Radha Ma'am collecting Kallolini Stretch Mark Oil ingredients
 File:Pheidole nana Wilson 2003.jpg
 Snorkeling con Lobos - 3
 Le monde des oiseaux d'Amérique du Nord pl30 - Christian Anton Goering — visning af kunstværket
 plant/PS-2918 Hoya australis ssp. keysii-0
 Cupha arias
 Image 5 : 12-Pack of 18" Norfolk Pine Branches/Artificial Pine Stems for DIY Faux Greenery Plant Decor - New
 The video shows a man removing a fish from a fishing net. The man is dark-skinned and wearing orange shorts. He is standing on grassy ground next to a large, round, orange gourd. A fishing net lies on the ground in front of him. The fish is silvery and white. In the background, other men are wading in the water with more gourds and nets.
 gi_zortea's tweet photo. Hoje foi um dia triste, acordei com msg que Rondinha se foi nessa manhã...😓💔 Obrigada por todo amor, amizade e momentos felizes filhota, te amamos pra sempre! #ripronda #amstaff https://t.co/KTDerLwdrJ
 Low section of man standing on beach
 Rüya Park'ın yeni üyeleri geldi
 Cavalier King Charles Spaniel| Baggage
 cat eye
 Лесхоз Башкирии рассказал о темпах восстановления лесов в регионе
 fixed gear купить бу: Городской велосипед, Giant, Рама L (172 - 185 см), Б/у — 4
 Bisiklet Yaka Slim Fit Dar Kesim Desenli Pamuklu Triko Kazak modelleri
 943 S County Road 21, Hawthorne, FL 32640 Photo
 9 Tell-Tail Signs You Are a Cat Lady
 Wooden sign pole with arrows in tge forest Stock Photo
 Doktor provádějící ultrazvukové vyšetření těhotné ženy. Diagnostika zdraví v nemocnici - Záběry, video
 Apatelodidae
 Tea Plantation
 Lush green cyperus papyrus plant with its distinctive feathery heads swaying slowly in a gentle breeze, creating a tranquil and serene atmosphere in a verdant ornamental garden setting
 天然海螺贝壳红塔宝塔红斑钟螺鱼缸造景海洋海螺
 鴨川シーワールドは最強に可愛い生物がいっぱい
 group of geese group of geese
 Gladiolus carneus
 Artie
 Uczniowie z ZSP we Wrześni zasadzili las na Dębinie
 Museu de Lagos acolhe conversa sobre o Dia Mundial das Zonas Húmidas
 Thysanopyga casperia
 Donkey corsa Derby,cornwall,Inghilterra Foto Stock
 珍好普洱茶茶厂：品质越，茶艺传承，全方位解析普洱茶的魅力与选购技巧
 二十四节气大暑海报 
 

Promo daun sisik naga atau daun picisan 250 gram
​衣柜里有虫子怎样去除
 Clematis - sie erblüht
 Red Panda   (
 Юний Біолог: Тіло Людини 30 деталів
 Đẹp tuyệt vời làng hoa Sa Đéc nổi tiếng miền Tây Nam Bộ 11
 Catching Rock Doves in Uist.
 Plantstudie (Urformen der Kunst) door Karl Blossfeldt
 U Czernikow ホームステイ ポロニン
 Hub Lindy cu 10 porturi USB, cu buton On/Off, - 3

━━━━━━

Task statement: Could you give the data again, word for word?

Solution:
Radha Ma'am collecting Kallolini Stretch Mark Oil ingredients
 File:Pheidole nana Wilson 2003.jpg
 Snorkeling con Lobos - 3
 Le monde des oiseaux d'Amérique du Nord pl30 - Christian Anton Goering — visning af kunstværket
 plant/PS-2918 Hoya australis ssp. keysii-0
 Cupha arias
 Image 5 : 12-Pack of 18" Norfolk Pine Branches/Artificial Pine Stems for DIY Faux Greenery Plant Decor - New
 The video shows a man removing a fish from a fishing net. The man is dark-skinned and wearing orange shorts. He is standing on grassy ground next to a large, round, orange gourd. A fishing net lies on the ground in front of him. The fish is silvery and white. In the background, other men are wading in the water with more gourds and nets.
 gi_zortea's tweet photo. Hoje foi um dia triste, acordei com msg que Rondinha se foi nessa manhã...😓💔 Obrigada por todo amor, amizade e momentos felizes filhota, te amamos pra sempre! #ripronda #amstaff https://t.co/KTDerLwdrJ
 Low section of man standing on beach
 Rüya Park'ın yeni üyeleri geldi
 Cavalier King Charles Spaniel| Baggage
 cat eye
 Лесхоз Башкирии рассказал о темпах восстановления лесов в регионе
 fixed gear купить бу: Городской велосипед, Giant, Рама L (172 - 185 см), Б/у — 4
 Bisiklet Yaka Slim Fit Dar Kesim Desenli Pamuklu Triko Kazak modelleri
 943 S County Road 21, Hawthorne, FL 32640 Photo
 9 Tell-Tail Signs You Are a Cat Lady
 Wooden sign pole with arrows in tge forest Stock Photo
 Doktor provádějící ultrazvukové vyšetření těhotné ženy. Diagnostika zdraví v nemocnici - Záběry, video
 Apatelodidae
 Tea Plantation
 Lush green cyperus papyrus plant with its distinctive feathery heads swaying slowly in a gentle breeze, creating a tranquil and serene atmosphere in a verdant ornamental garden setting
 天然海螺贝壳红塔宝塔红斑钟螺鱼缸造景海洋海螺
 鴨川シーワールドは最強に可愛い生物がいっぱい
 group of geese group of geese
 Gladiolus carneus
 Artie
 Uczniowie z ZSP we Wrześni zasadzili las na Dębinie
 Museu de Lagos acolhe conversa sobre o Dia Mundial das Zonas Húmidas
 Thysanopyga casperia
 Donkey corsa Derby,cornwall,Inghilterra Foto Stock
 珍好普洱茶茶厂：品质越，茶艺传承，全方位解析普洱茶的魅力与选购技巧
 二十四节气大暑海报 
 

Promo daun sisik naga atau daun picisan 250 gram
​衣柜里有虫子怎样去除
 Clematis - sie erblüht
 Red Panda   (
 Юний Біолог: Тіло Людини 30 деталів
 Đẹp tuyệt vời làng hoa Sa Đéc nổi tiếng miền Tây Nam Bộ 11
 Catching Rock Doves in Uist.
 Plantstudie (Urformen der Kunst) door Karl Blossfeldt
 U Czernikow ホームステイ ポロニン
 Hub Lindy cu 10 porturi USB, cu buton On/Off, - 3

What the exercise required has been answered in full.